Is ChatGPT autocomplete bad UX/UI?
I get it. I am not the only user the world revolves around. When an app does not behave the way I would prefer, it’s probably because most people have different preferences, and the app is optimized for them.
But sometimes, I encounter UI/UX decisions that puzzle me. Not because I dislike them but because I have trouble imagining anyone likes them.
One of those puzzling UI/UX decisions is ChatGPT autocomplete.
I was able to come up with only two possible explanations for its existence:
- UX/UI experts at OpenAI (and other multi-billion companies) have a flawed understanding of how people chat.
- I am weird and chat differently than most people.
Before we conclude that solution #2 is the correct one, let me make my case for #1.

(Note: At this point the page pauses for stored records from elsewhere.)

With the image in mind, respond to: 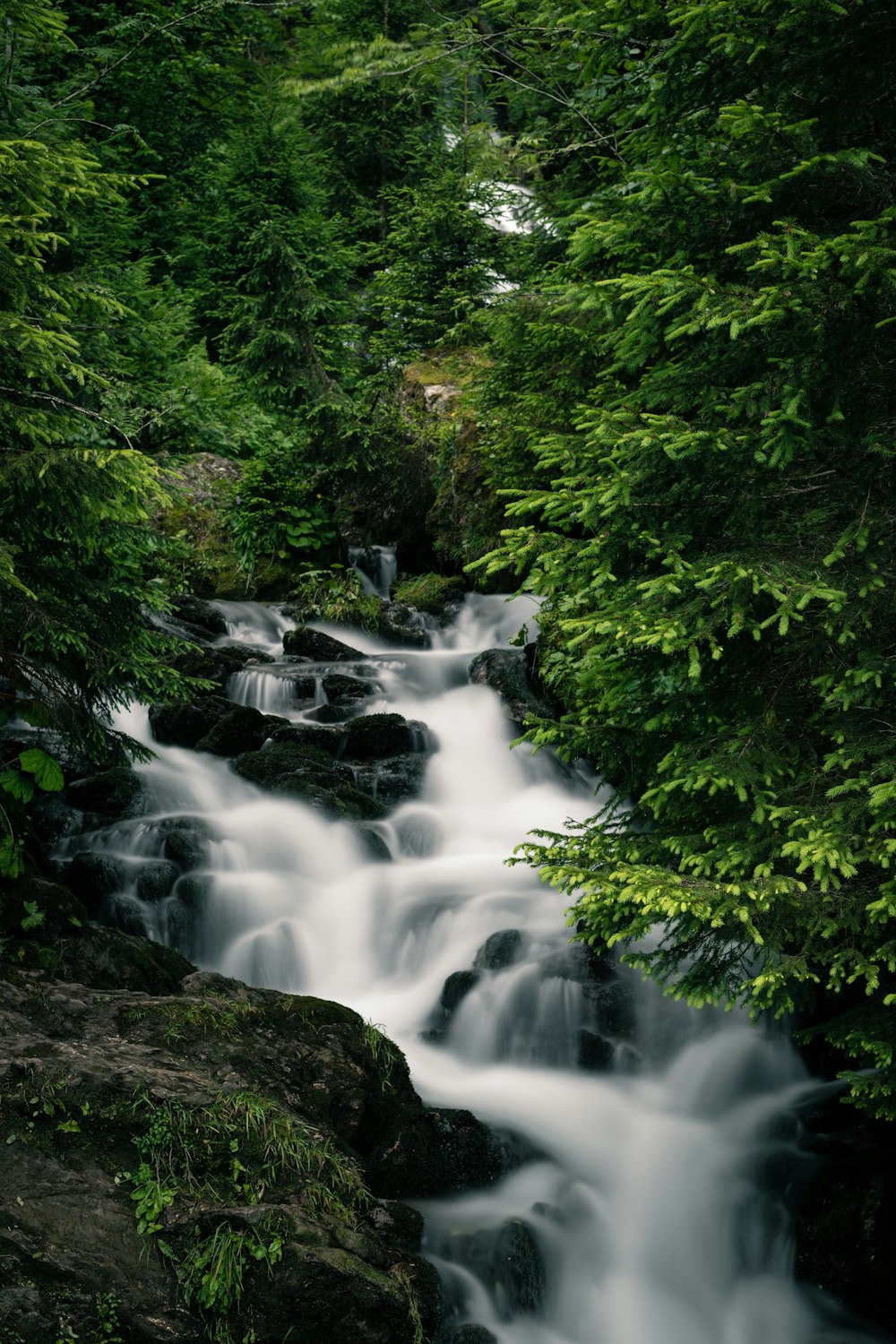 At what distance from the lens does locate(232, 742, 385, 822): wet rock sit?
948 cm

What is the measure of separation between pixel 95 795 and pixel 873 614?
7055 millimetres

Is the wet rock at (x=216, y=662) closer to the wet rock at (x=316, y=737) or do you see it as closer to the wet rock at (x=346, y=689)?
the wet rock at (x=346, y=689)

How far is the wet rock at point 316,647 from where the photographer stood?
13.1 meters

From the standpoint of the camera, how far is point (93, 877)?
7836 millimetres

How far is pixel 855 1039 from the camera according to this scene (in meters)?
3.82

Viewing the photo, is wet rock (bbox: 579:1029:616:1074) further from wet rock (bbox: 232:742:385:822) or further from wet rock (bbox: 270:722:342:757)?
wet rock (bbox: 270:722:342:757)

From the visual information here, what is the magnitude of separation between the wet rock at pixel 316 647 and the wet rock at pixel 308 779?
284 cm

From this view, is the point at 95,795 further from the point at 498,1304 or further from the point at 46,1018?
the point at 498,1304

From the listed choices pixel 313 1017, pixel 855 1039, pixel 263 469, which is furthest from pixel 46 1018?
pixel 263 469

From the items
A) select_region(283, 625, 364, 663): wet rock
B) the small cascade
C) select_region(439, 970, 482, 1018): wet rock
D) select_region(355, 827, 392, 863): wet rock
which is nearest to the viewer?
select_region(439, 970, 482, 1018): wet rock

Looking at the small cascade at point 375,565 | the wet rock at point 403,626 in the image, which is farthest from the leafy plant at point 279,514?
the wet rock at point 403,626

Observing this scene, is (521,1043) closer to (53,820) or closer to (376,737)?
(53,820)

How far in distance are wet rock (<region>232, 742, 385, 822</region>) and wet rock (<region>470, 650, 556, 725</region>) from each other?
2.52 m

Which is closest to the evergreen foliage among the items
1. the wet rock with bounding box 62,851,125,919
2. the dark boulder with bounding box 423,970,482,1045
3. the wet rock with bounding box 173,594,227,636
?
the dark boulder with bounding box 423,970,482,1045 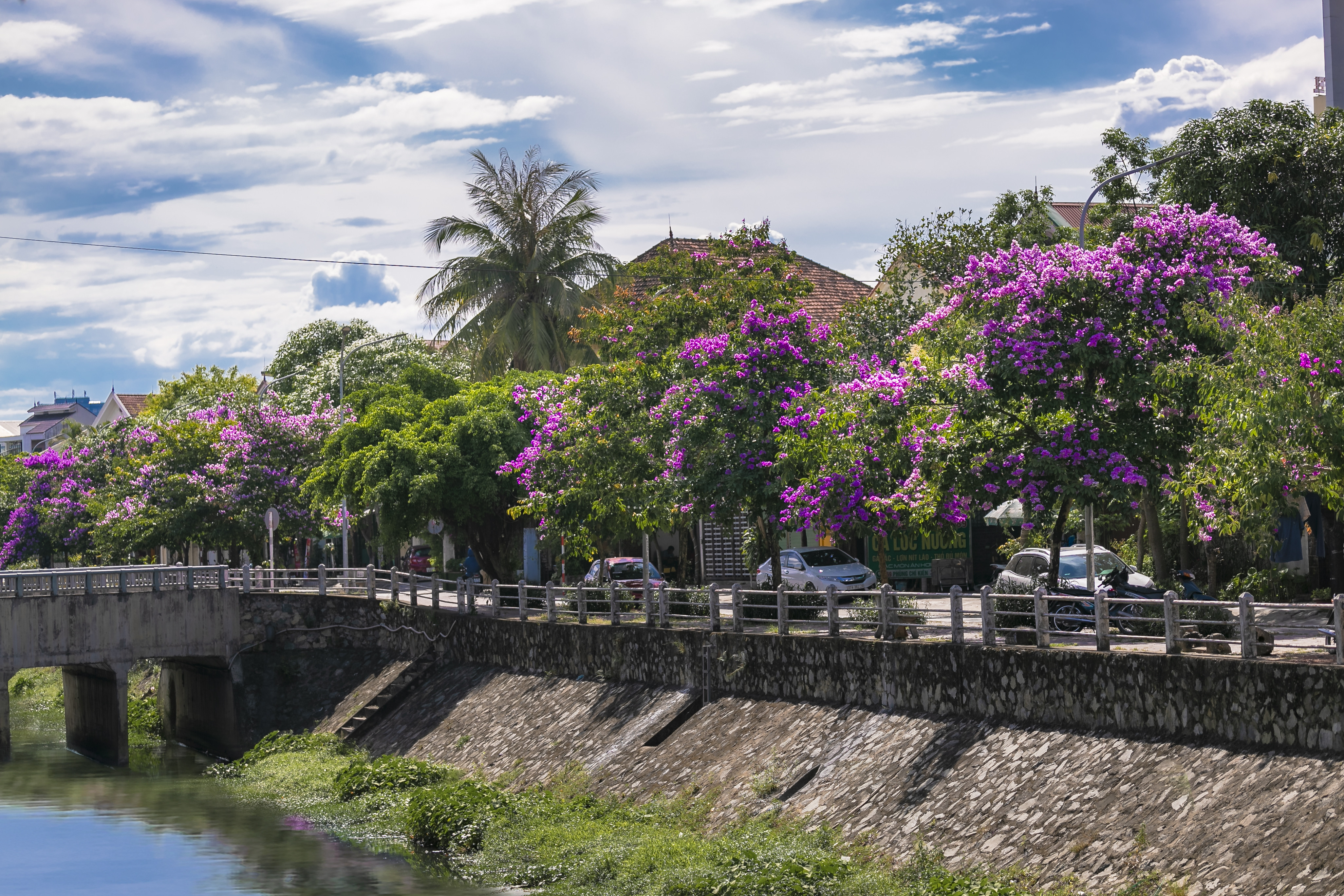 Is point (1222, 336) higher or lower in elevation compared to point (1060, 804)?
higher

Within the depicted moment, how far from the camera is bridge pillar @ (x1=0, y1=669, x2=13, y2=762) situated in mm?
35344

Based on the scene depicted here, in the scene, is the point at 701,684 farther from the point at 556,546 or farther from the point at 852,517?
the point at 556,546

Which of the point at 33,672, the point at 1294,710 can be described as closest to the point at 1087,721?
the point at 1294,710

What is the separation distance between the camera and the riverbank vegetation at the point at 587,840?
16.2m

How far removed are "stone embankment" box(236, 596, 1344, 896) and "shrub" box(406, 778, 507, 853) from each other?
5.48 feet

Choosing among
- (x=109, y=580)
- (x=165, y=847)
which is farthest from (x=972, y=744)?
(x=109, y=580)

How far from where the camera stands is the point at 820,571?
32.6m

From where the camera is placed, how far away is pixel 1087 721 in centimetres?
1688

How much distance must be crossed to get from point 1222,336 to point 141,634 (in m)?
29.0

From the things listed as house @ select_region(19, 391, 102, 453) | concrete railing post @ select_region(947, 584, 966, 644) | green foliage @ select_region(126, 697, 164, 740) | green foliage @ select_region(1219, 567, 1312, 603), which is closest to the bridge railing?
green foliage @ select_region(126, 697, 164, 740)

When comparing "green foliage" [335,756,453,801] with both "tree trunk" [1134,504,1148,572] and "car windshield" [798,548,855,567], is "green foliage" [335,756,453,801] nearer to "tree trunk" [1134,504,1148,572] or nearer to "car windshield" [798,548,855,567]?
"car windshield" [798,548,855,567]

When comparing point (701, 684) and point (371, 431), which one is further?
point (371, 431)

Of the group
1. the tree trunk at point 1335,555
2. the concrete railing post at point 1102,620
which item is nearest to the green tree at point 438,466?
the tree trunk at point 1335,555

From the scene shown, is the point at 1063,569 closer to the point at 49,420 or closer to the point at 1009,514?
the point at 1009,514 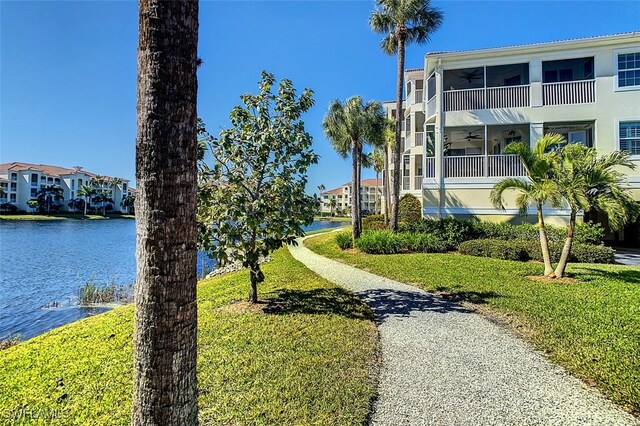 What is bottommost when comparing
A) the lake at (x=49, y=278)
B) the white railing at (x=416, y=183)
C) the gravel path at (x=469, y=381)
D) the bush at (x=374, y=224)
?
the lake at (x=49, y=278)

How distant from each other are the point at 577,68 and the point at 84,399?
2273 centimetres

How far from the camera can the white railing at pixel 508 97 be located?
1725 cm

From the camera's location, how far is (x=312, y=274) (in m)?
11.9

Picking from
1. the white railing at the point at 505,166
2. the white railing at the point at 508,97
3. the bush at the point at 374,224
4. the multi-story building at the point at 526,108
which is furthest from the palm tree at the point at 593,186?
the bush at the point at 374,224

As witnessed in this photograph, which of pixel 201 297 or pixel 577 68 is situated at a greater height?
pixel 577 68

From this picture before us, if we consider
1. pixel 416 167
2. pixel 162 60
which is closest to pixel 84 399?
pixel 162 60

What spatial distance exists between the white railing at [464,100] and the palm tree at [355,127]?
3.80 metres

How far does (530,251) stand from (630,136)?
29.2ft

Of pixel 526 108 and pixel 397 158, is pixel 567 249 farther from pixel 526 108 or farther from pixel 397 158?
pixel 526 108

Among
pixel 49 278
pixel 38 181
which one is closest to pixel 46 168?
pixel 38 181

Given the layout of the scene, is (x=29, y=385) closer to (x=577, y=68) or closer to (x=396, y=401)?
(x=396, y=401)

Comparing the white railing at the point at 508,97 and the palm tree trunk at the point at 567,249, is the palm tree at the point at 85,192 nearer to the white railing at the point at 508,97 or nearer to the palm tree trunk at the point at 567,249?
the white railing at the point at 508,97

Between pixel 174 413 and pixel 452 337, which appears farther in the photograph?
pixel 452 337

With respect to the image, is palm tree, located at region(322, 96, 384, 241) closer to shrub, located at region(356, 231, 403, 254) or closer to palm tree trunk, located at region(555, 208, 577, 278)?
shrub, located at region(356, 231, 403, 254) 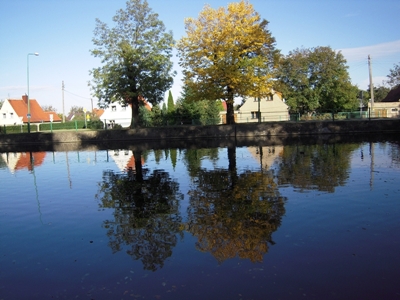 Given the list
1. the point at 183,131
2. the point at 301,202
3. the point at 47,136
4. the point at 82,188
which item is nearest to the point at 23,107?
the point at 47,136

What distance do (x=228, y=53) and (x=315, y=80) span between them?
115ft

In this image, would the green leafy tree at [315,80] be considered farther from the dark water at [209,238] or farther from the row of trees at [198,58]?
the dark water at [209,238]

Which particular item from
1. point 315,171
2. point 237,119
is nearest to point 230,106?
point 315,171

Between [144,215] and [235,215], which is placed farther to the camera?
[144,215]

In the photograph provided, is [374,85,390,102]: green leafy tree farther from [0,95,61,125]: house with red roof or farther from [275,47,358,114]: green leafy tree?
[0,95,61,125]: house with red roof

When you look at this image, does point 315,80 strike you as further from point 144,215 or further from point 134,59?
point 144,215

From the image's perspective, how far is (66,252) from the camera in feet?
22.5

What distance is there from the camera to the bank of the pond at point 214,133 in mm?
37156

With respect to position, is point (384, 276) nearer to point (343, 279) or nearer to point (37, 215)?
point (343, 279)

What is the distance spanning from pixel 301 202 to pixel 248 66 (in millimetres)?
29542

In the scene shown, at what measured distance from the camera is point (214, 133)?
3947 cm

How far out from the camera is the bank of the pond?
37.2 meters

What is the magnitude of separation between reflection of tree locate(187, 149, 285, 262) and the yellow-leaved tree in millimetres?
→ 25248

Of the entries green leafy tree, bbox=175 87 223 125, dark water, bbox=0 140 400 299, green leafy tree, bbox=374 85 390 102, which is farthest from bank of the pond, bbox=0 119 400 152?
green leafy tree, bbox=374 85 390 102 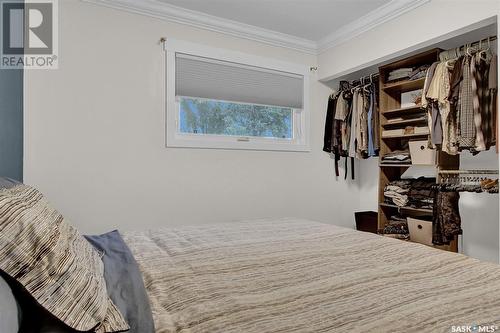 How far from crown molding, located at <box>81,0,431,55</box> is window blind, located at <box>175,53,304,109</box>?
0.32m

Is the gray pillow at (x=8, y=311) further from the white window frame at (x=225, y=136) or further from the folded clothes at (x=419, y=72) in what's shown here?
the folded clothes at (x=419, y=72)

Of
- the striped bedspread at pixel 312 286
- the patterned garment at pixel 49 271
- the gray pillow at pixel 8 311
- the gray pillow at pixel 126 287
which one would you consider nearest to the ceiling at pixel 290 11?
the striped bedspread at pixel 312 286

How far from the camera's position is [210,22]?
293 cm

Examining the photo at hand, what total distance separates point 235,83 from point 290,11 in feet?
2.77

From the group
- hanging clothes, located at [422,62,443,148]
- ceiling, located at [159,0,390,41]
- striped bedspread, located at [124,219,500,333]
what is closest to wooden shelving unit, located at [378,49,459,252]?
hanging clothes, located at [422,62,443,148]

Autocomplete is helpful in search bars because the potential response space is small and the likelihood of success big - two words can be enough to guess a four-word search query.
Chat is different. I write long-ish posts that are a lot more complex than a typical search query - the likelihood of ChatGPT getting what I want after the first characters is minuscule. My experience corresponds with this - ChatGPT never guesses correctly what I want to write. Literally not once.
This explains why ChatGPT autocomplete is useless to me. But why does it feel so annoying and frustrating? Because the mental process I use when chatting differs from the one I use when searching.
When using a search, I already know what I am searching for. Using chat is a lot more like regular talking… and when I talk, I do not know exactly what I will say before I say it. I am thinking aloud. And when someone is talking over me, it is distracting. My train of thought gets derailed when I start typing and ChatGPT inserts something completely unrelated.
Imagine if ChatGPT were a colleague. You want to discuss how to implement a new feature in your app…
Should we…
…go to the library? Exercise more? Make compound chicken for lunch?
No, I want to talk about…
…the latest tech trends? Healthy lifestyle tips? My favorite books and why I love them?
For Christ’s sake, could you shut…
…the front door? All the windows in the building? Our business?
A colleague like that would drive me crazy. And I would be puzzled if other people were like “Oh, he finished my sentence again. He is awesome”. What am I missing?
UPDATE: There are some interesting comments on Hacker News. One of them points out that the autocomplete could be more of a hint on how to use ChatGPT than a feature to help you finish writing as quickly as possible.
Probably, at one point, they did some user testing or similar and figured out that most people don’t even know what to ask these chatbots. So they add some “quickstarts” for people to “get inspired” by.
When I was writing the article, I quickly considered discoverability as a reason they added this feature and discarded it immediately because everyone knows how to use chat, right? Well, maybe not this kind of chat. Chatting with artificial intelligence is new.
Other commenters do not find those autocomplete suggestions distracting because they never look at them. How simple. Simple, yet surprising to me, because I literally cannot NOT look at them. Perhaps I underestimated my distractability. Maybe it is my perception quirk. I find it very difficult to read a page where something is moving, even if it’s just a little GIF somewhere in the corner. Am I the weird one? Possibly.